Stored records

══════════

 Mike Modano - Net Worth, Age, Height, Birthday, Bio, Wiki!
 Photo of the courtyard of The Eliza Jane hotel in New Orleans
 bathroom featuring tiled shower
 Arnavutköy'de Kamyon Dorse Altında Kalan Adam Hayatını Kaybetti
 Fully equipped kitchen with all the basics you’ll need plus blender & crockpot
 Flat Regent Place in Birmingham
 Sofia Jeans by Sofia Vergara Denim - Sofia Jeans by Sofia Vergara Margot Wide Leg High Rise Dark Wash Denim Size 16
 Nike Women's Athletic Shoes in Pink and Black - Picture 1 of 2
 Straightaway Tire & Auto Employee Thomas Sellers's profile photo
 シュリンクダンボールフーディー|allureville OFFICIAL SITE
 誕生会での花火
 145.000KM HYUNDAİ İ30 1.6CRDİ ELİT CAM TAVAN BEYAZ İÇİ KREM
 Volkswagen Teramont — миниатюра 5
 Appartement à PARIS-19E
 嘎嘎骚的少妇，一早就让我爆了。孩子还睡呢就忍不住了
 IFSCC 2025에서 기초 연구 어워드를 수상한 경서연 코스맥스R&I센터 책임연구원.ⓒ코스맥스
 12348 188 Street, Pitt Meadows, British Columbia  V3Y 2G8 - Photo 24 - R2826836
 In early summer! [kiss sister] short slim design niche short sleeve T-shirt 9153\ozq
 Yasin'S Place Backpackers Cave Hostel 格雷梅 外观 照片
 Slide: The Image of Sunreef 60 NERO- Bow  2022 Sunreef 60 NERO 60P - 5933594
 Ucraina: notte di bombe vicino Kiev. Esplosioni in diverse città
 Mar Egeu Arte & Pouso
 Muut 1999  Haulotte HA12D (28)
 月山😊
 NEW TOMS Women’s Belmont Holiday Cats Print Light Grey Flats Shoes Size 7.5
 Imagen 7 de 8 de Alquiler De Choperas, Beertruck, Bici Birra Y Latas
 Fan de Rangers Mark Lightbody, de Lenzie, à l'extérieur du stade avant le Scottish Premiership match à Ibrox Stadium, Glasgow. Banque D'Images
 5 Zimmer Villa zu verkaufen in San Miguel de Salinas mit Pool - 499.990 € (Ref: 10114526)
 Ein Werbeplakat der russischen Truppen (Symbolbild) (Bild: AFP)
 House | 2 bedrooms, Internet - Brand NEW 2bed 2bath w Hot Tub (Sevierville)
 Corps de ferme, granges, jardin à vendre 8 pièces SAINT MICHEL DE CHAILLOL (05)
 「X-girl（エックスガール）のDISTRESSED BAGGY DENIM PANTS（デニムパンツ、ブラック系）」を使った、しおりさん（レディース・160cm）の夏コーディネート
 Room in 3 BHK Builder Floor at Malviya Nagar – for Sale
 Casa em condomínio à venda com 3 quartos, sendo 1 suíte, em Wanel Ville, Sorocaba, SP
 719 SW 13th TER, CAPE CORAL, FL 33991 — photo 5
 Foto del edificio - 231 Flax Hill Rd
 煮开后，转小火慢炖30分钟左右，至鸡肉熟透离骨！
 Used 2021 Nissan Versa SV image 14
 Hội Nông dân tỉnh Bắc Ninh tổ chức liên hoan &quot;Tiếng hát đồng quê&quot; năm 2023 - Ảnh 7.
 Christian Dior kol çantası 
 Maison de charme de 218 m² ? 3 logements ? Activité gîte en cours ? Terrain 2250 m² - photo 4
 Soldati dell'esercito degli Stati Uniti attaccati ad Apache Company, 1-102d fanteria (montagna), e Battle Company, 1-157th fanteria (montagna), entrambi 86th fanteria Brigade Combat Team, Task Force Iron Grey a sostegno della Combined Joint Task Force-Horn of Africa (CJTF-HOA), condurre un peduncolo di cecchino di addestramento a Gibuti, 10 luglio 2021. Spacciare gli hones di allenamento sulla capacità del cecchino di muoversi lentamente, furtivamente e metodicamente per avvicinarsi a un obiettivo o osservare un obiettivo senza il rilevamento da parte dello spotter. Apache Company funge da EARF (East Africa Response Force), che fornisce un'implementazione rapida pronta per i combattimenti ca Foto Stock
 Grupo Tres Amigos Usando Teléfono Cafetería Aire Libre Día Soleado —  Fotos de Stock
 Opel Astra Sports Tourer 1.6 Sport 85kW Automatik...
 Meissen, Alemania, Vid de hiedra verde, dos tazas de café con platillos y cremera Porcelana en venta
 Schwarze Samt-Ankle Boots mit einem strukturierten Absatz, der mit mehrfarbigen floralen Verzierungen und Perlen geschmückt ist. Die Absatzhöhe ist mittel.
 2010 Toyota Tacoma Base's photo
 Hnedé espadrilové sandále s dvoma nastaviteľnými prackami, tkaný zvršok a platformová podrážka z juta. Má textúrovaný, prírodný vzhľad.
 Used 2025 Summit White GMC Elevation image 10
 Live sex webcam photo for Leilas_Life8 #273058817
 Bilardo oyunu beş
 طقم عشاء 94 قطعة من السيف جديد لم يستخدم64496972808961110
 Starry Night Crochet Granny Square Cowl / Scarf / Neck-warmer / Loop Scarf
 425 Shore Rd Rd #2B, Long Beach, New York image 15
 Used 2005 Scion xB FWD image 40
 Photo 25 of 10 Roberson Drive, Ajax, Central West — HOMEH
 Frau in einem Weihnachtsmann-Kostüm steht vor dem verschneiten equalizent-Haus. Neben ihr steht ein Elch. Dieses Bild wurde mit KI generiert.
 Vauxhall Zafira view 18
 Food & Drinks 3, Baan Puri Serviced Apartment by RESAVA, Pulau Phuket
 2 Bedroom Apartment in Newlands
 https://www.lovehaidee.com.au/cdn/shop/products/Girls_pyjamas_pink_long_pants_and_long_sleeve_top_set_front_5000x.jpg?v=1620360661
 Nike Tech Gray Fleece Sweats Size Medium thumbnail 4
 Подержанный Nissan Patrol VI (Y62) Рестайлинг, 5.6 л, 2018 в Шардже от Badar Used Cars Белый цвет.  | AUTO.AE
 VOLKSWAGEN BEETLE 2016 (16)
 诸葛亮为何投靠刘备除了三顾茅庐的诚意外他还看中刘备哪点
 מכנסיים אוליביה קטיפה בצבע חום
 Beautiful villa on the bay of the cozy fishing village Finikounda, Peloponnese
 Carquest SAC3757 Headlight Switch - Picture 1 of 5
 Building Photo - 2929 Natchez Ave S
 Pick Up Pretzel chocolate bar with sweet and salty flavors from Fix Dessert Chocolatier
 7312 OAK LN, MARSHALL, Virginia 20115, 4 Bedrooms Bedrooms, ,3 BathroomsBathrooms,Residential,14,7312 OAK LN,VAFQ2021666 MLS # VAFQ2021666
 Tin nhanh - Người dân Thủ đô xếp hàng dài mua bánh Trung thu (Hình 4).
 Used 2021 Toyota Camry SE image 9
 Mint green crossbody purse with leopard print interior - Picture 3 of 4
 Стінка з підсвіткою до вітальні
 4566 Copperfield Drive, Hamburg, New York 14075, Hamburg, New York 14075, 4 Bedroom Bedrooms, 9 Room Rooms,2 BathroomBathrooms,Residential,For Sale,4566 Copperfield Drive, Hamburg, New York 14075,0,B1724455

══════════

▸ **REQUIREMENT**
From the data above, output only the lines between the line containing "12348 188 Street, Pitt" and the line containing "Maison de charme", inclusive, exactly as written.

▸ **YOUR RESPONSE**
 12348 188 Street, Pitt Meadows, British Columbia  V3Y 2G8 - Photo 24 - R2826836
 In early summer! [kiss sister] short slim design niche short sleeve T-shirt 9153\ozq
 Yasin'S Place Backpackers Cave Hostel 格雷梅 外观 照片
 Slide: The Image of Sunreef 60 NERO- Bow  2022 Sunreef 60 NERO 60P - 5933594
 Ucraina: notte di bombe vicino Kiev. Esplosioni in diverse città
 Mar Egeu Arte & Pouso
 Muut 1999  Haulotte HA12D (28)
 月山😊
 NEW TOMS Women’s Belmont Holiday Cats Print Light Grey Flats Shoes Size 7.5
 Imagen 7 de 8 de Alquiler De Choperas, Beertruck, Bici Birra Y Latas
 Fan de Rangers Mark Lightbody, de Lenzie, à l'extérieur du stade avant le Scottish Premiership match à Ibrox Stadium, Glasgow. Banque D'Images
 5 Zimmer Villa zu verkaufen in San Miguel de Salinas mit Pool - 499.990 € (Ref: 10114526)
 Ein Werbeplakat der russischen Truppen (Symbolbild) (Bild: AFP)
 House | 2 bedrooms, Internet - Brand NEW 2bed 2bath w Hot Tub (Sevierville)
 Corps de ferme, granges, jardin à vendre 8 pièces SAINT MICHEL DE CHAILLOL (05)
 「X-girl（エックスガール）のDISTRESSED BAGGY DENIM PANTS（デニムパンツ、ブラック系）」を使った、しおりさん（レディース・160cm）の夏コーディネート
 Room in 3 BHK Builder Floor at Malviya Nagar – for Sale
 Casa em condomínio à venda com 3 quartos, sendo 1 suíte, em Wanel Ville, Sorocaba, SP
 719 SW 13th TER, CAPE CORAL, FL 33991 — photo 5
 Foto del edificio - 231 Flax Hill Rd
 煮开后，转小火慢炖30分钟左右，至鸡肉熟透离骨！
 Used 2021 Nissan Versa SV image 14
 Hội Nông dân tỉnh Bắc Ninh tổ chức liên hoan &quot;Tiếng hát đồng quê&quot; năm 2023 - Ảnh 7.
 Christian Dior kol çantası 
 Maison de charme de 218 m² ? 3 logements ? Activité gîte en cours ? Terrain 2250 m² - photo 4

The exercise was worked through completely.